Phyllis,

What you said about your H sounds like what I used to say/think about mine...about being SOOO faithful and telling you that 'everything I want is here with you'...really hard to believe in that after they go and screw around, I know. I am sorry he has put you and your kids through this...I hope he is able to GROW UP and see how stupid he is.

I appreciate what you said, Trent, about reasons for the A - my H contends he doesn't know. I believe him. He is so afraid of opening up to himself, me, C or anyone and because he cannot get it straight in his own head and I am realizing it may never be resolved for me (to my satisfaction). This is where trust must come into play, not only trust of my H (which in itself will take a long time to be somewhat restored), but also trust of myself and our marriage, but most of all my renewed trust in God.

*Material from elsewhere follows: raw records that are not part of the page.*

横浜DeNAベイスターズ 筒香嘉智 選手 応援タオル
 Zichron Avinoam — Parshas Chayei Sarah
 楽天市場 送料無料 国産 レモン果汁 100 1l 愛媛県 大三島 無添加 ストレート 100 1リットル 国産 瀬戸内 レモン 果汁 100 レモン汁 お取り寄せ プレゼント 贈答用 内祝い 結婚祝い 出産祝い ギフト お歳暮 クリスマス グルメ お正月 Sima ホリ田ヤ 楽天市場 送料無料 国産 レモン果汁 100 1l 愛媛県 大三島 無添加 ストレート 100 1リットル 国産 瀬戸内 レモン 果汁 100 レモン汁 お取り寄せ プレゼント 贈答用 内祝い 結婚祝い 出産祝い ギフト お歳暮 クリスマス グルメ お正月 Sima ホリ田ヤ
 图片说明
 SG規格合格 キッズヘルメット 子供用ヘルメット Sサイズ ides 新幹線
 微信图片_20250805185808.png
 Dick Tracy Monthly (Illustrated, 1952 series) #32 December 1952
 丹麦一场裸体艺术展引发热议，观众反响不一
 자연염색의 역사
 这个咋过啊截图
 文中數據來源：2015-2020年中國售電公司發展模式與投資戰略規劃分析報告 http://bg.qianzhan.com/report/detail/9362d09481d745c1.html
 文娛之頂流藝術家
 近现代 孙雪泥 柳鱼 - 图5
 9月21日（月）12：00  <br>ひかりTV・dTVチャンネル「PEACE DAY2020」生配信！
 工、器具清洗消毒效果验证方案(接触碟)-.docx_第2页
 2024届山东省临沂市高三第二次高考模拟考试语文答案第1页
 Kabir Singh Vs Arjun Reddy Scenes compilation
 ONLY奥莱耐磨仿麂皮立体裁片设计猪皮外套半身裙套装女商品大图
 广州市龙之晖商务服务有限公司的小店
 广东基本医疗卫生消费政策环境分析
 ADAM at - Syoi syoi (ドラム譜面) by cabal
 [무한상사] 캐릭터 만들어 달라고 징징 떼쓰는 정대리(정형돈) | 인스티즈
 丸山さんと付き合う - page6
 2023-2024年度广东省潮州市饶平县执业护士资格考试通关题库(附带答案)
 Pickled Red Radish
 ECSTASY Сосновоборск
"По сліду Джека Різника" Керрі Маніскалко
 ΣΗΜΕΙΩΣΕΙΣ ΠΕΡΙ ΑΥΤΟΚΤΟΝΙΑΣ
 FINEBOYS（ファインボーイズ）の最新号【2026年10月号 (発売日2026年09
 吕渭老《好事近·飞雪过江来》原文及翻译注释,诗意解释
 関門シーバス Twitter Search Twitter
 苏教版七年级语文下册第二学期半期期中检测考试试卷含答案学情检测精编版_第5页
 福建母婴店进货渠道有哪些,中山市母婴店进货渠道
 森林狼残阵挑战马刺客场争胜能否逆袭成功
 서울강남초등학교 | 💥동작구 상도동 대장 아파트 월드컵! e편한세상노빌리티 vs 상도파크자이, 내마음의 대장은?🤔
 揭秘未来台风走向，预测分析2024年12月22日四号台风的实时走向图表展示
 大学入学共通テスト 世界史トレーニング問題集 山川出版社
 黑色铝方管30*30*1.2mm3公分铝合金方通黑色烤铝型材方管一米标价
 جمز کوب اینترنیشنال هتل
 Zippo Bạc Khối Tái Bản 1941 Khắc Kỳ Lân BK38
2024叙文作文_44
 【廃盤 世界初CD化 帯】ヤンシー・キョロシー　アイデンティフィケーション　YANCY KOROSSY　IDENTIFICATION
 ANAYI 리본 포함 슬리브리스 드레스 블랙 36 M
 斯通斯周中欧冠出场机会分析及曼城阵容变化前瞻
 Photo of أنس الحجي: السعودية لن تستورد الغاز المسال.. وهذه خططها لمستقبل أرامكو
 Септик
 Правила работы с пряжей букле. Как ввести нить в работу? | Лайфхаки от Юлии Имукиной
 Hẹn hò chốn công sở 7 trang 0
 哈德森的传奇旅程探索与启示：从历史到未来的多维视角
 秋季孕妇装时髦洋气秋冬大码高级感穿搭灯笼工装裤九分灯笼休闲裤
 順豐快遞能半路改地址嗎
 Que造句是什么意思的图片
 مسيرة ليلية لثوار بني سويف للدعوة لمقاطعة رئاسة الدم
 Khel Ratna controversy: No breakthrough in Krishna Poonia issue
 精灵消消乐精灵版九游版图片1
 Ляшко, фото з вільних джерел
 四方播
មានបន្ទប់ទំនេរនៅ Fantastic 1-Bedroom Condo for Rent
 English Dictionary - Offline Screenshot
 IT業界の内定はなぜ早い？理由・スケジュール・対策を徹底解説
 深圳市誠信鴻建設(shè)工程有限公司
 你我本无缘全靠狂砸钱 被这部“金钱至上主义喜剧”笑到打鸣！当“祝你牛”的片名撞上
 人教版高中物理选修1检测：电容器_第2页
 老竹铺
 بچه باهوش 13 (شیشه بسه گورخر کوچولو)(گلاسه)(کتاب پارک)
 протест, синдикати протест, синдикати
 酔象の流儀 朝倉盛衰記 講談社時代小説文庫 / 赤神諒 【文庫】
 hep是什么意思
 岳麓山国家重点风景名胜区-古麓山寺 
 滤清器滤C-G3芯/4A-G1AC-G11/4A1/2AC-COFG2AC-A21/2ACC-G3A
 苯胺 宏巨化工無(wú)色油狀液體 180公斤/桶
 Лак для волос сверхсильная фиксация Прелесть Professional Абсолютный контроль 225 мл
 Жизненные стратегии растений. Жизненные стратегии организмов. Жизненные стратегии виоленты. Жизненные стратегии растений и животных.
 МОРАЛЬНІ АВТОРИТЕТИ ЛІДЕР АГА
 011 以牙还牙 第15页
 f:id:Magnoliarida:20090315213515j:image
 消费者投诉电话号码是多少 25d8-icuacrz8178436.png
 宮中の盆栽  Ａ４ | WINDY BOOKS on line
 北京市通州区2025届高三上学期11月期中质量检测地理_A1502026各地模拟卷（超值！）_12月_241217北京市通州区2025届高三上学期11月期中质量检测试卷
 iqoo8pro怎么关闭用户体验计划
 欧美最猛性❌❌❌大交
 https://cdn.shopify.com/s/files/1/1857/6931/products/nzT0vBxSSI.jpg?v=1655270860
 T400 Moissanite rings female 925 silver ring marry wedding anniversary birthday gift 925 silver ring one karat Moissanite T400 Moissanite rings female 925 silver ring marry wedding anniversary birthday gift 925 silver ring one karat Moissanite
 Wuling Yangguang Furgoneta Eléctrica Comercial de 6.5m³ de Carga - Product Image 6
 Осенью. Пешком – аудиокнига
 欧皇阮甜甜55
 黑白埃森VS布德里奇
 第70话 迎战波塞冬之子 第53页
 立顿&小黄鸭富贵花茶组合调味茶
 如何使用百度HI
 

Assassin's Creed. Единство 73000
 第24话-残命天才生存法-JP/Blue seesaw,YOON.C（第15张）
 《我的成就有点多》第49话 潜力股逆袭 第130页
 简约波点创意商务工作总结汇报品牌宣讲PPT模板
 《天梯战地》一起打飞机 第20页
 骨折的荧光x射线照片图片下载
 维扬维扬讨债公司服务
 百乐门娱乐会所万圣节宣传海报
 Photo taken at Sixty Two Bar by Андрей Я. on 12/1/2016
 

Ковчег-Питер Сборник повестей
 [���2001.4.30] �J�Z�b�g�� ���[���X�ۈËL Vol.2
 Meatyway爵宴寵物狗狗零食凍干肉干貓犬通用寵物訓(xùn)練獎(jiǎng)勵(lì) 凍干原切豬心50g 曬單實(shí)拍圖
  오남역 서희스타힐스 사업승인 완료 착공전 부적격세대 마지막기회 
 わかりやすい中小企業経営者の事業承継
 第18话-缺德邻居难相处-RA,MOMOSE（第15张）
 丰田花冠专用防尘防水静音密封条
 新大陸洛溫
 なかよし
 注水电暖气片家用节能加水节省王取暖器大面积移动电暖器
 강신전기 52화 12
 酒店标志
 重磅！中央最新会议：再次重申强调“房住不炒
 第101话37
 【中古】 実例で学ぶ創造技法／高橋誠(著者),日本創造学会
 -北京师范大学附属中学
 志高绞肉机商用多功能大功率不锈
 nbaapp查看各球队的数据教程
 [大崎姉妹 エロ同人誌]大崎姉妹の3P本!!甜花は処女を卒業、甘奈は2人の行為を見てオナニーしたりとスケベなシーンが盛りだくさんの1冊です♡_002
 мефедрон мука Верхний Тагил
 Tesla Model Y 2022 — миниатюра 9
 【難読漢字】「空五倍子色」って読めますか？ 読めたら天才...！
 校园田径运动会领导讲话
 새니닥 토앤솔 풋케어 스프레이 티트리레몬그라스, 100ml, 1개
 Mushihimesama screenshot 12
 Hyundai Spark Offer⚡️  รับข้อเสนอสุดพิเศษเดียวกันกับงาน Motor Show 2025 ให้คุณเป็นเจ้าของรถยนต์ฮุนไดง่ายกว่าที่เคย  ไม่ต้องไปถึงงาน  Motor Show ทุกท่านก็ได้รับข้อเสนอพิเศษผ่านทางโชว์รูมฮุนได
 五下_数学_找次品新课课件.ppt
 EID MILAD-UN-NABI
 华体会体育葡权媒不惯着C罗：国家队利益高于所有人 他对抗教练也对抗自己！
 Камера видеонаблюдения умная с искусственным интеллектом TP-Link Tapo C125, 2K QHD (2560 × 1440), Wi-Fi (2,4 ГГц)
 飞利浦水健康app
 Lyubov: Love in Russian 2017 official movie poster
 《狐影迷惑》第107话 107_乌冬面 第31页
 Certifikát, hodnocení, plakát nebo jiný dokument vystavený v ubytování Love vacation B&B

There is NO excuse for an affair; I think we can all agree with this. As far as simply being a reject, well I refuse to believe that I or any other hurt spouse out there is a 'reject' because after all, our spouses married us and they were not forced to do so. It is only through their own inadequacies that they 'reject' us, which is actually a rejection of themselves (which is what you were saying Phyllis) ...but in turn, we-the spouses and families-feel the brunt of their 'rejection' of themselves.

Sucks...huh. But I sometimes wonder who has it harder, of my H and I...see, I am able to look inside myself and see ME and understand, for the most part, what makes me tick-and WHO I am...he cannot, he hides from himself and refuses (at least for now) to open up. It must be terribly frightening for him, for anyone, not to be able to really look and SEE themselves.